*WHAT TO WORK ON:* Starting with the line that has "Kiezlack Lackspray Autolack" and finishing with the line that has "Mary New women", set down each line below exactly. Pictures are not copied.
── RECORD EXTRACTS ──
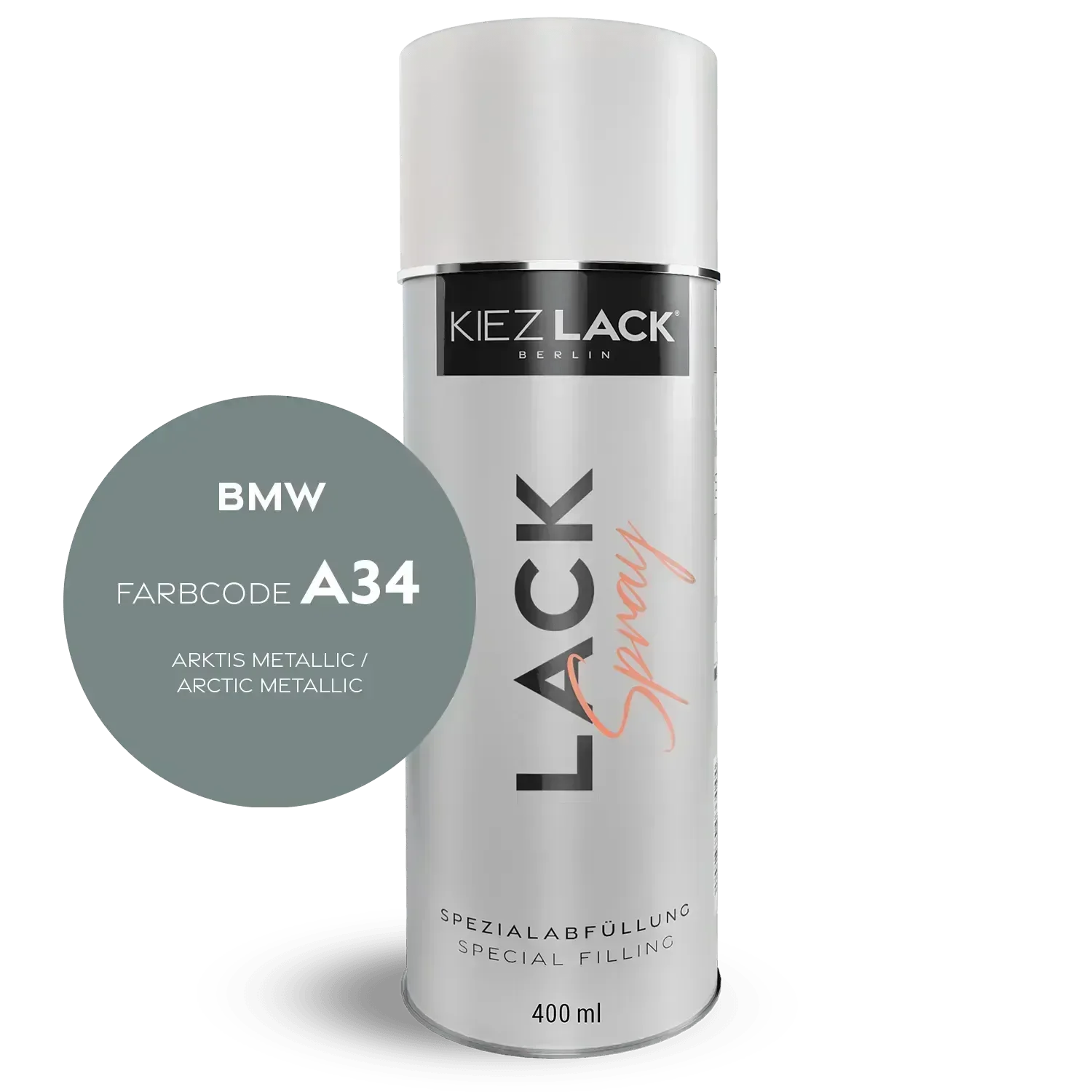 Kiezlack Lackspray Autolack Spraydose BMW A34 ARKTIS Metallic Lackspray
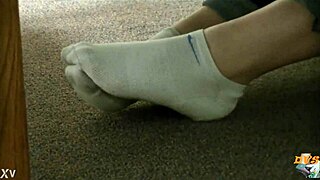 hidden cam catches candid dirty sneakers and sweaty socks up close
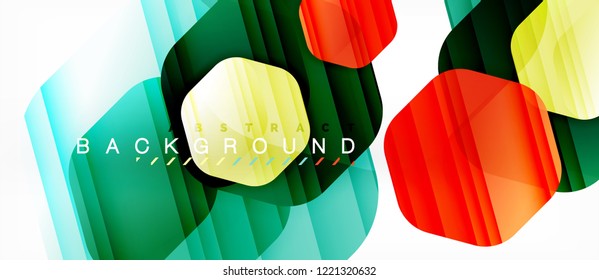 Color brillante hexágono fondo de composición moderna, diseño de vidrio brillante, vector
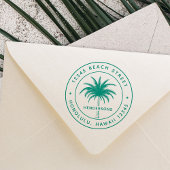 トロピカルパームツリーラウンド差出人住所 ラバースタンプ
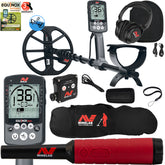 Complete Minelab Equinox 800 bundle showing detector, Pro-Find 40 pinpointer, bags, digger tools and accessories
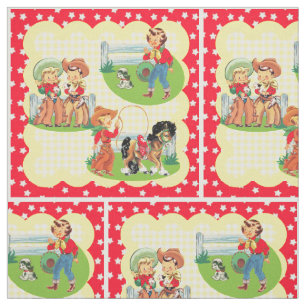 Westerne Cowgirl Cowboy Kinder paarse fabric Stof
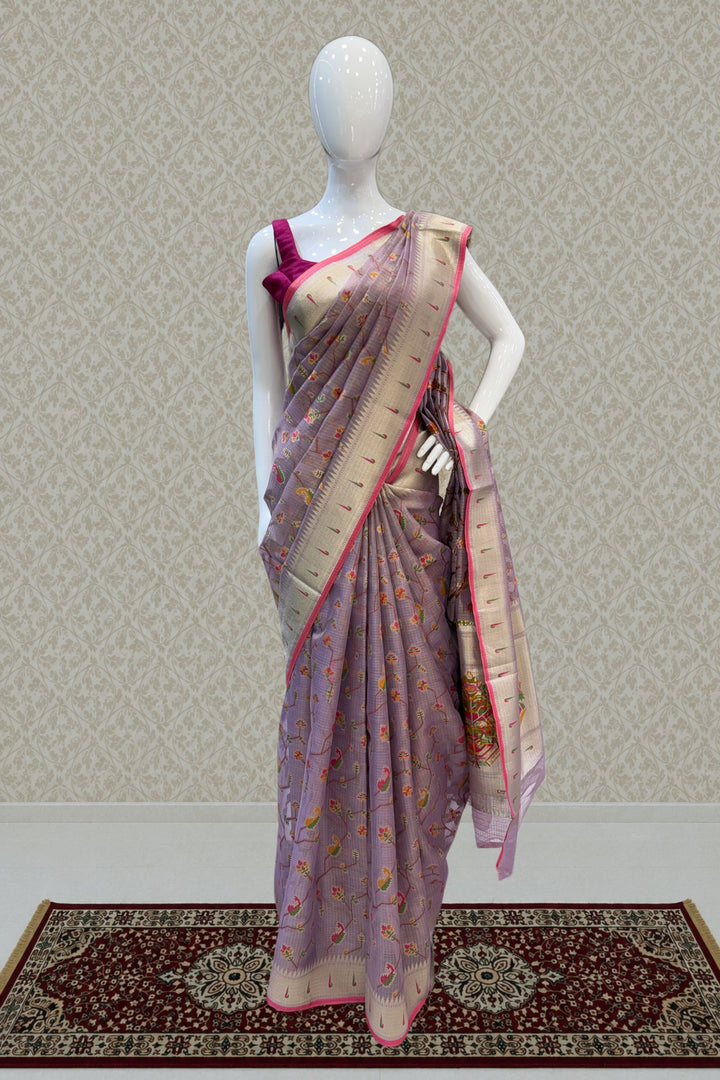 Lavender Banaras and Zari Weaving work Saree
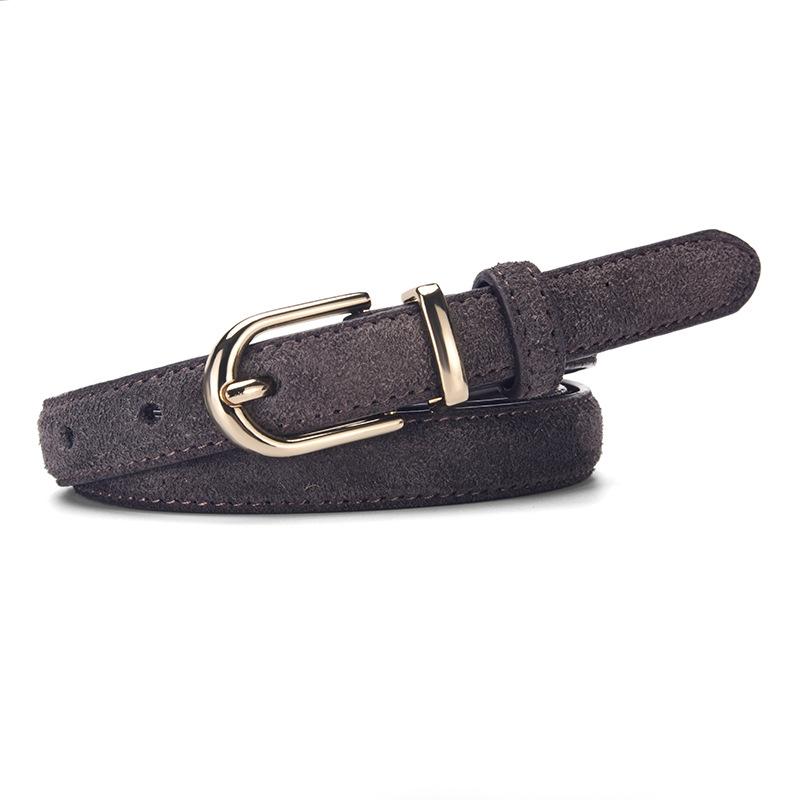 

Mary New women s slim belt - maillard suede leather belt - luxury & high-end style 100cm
───
── RECORD EXTRACTS ──
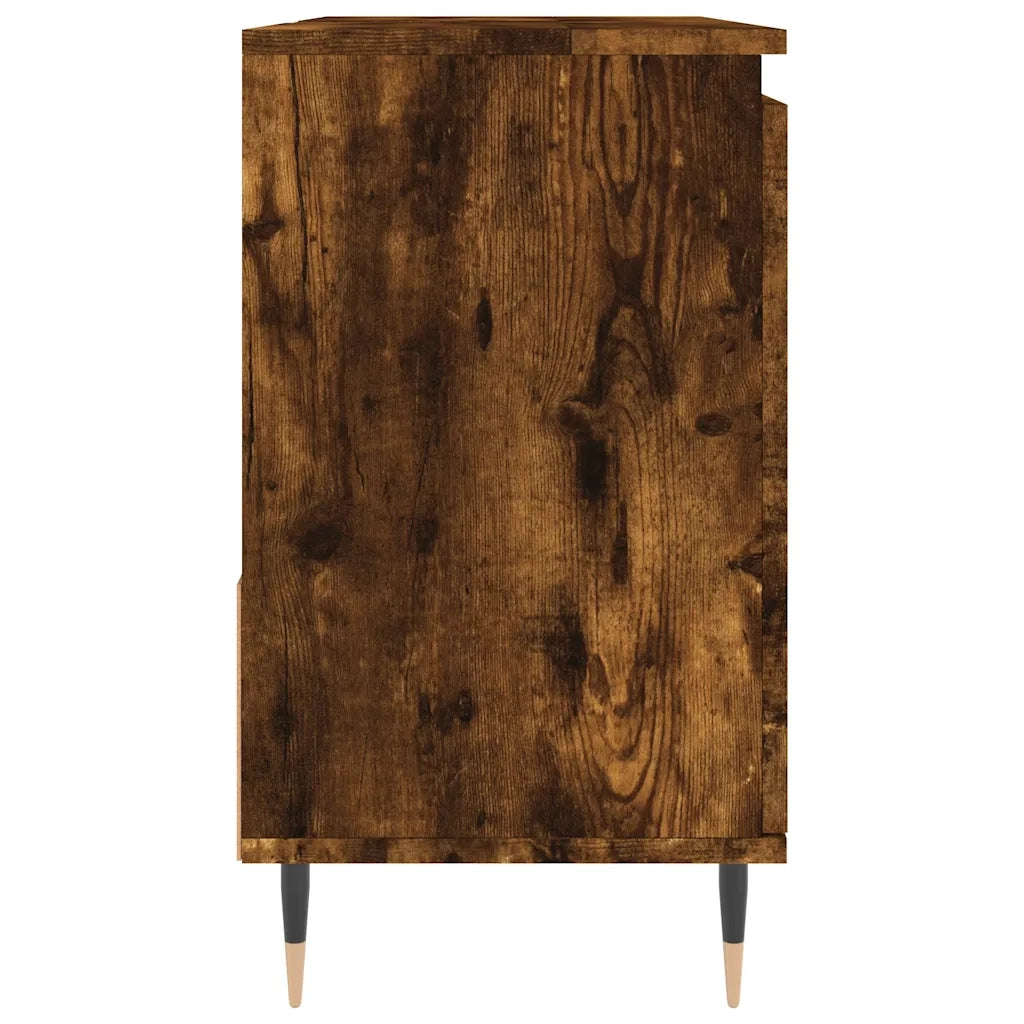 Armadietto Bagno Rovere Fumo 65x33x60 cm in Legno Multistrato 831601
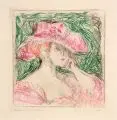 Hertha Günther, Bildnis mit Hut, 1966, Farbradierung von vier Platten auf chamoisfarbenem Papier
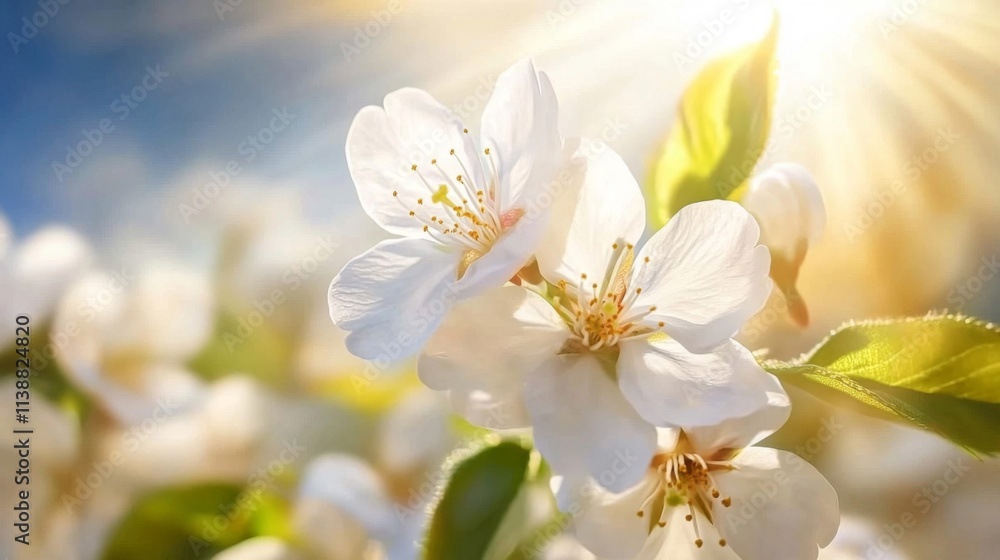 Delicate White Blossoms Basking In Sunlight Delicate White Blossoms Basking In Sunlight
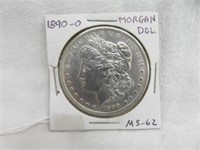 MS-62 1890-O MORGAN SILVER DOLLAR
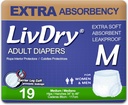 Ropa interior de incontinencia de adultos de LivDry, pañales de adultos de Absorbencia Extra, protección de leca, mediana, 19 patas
───
── RECORD EXTRACTS ──
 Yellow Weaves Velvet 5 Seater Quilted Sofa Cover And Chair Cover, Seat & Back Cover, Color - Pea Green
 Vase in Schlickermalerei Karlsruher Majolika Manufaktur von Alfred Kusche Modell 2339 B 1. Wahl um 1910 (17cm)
───
*YOUR SOLUTION:*
 Kiezlack Lackspray Autolack Spraydose BMW A34 ARKTIS Metallic Lackspray
 hidden cam catches candid dirty sneakers and sweaty socks up close
 Color brillante hexágono fondo de composición moderna, diseño de vidrio brillante, vector
 トロピカルパームツリーラウンド差出人住所 ラバースタンプ
 Complete Minelab Equinox 800 bundle showing detector, Pro-Find 40 pinpointer, bags, digger tools and accessories
 Westerne Cowgirl Cowboy Kinder paarse fabric Stof
 Lavender Banaras and Zari Weaving work Saree

Mary New women s slim belt - maillard suede leather belt - luxury & high-end style 100cm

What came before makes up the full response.